Methods. A retrospective chart review was conducted for all inpatients with biochemically-identified interfering substances over a 12-month period. The interfering substance report identified all patients with serum uric acid concentrations greater than 10 mg/dL, hematocrit less than 20% or greater than 55%, serum total bilirubin concentrations greater than 20 mg/dL, serum acetaminophen concentrations greater than 8 mg/dL, and serum triglyceride concentrations greater than 5000 mg/dL.

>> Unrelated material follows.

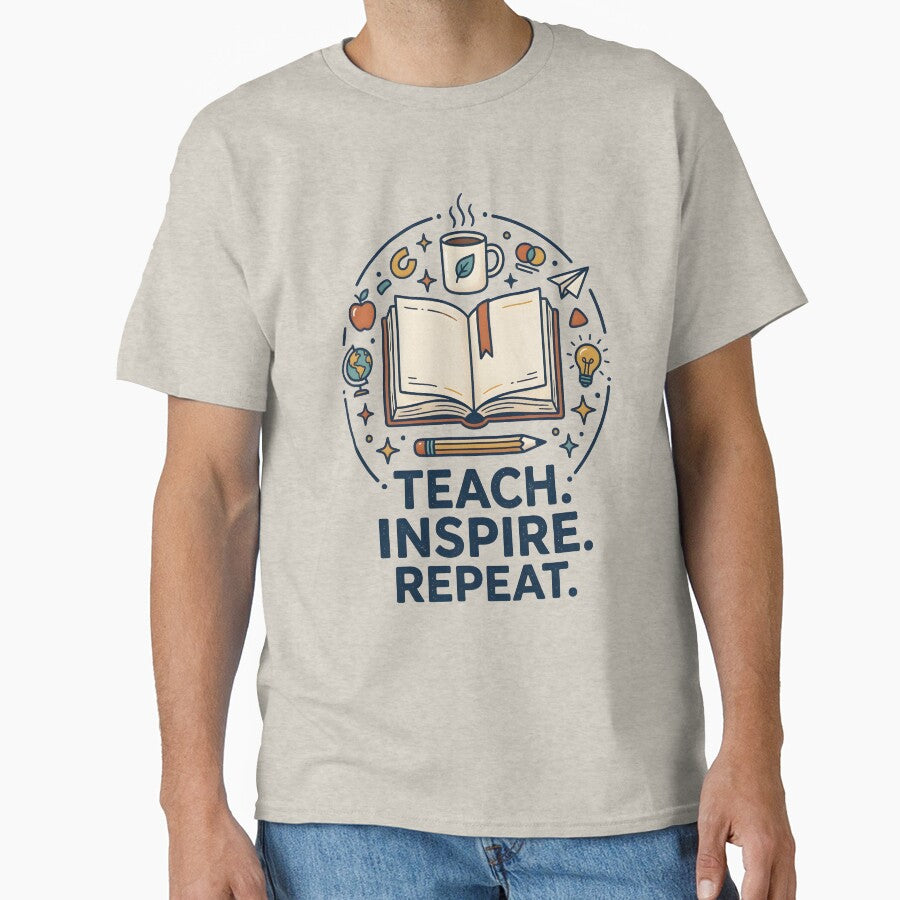 Teach Inspire Repeat Teacher Appreciation by hutofdesigns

Results. Of 6885 hospital admissions during the 12-month study period, 84 patients (1.2%) were identified as having interfering substances. Interfering substances were identified an average mean ± S.D. of 4.88 ± 15.56 days following hospital admission. Two patients had interfering substances identified in the emergency department before hospital admission. Five patients (four with total bilirubin and one with uric acid) had initial concentrations below the interference threshold. These concentrations increased during hospitalization to high enough levels to cause interference with POCGT. Since the average length of stay for the identified patients was 10.49 days, an average of 17% of the hospital stay was impacted by an interfering substance. Substances remained at interfering concentrations until the time of discharge in 30% of the patients.

Conclusion. Over a 12-month period, interfering substance were identified in1.2% of patients admitted to a hospital. Thirty-six percent of those patients had an active order for an insulin product during the interference time interval.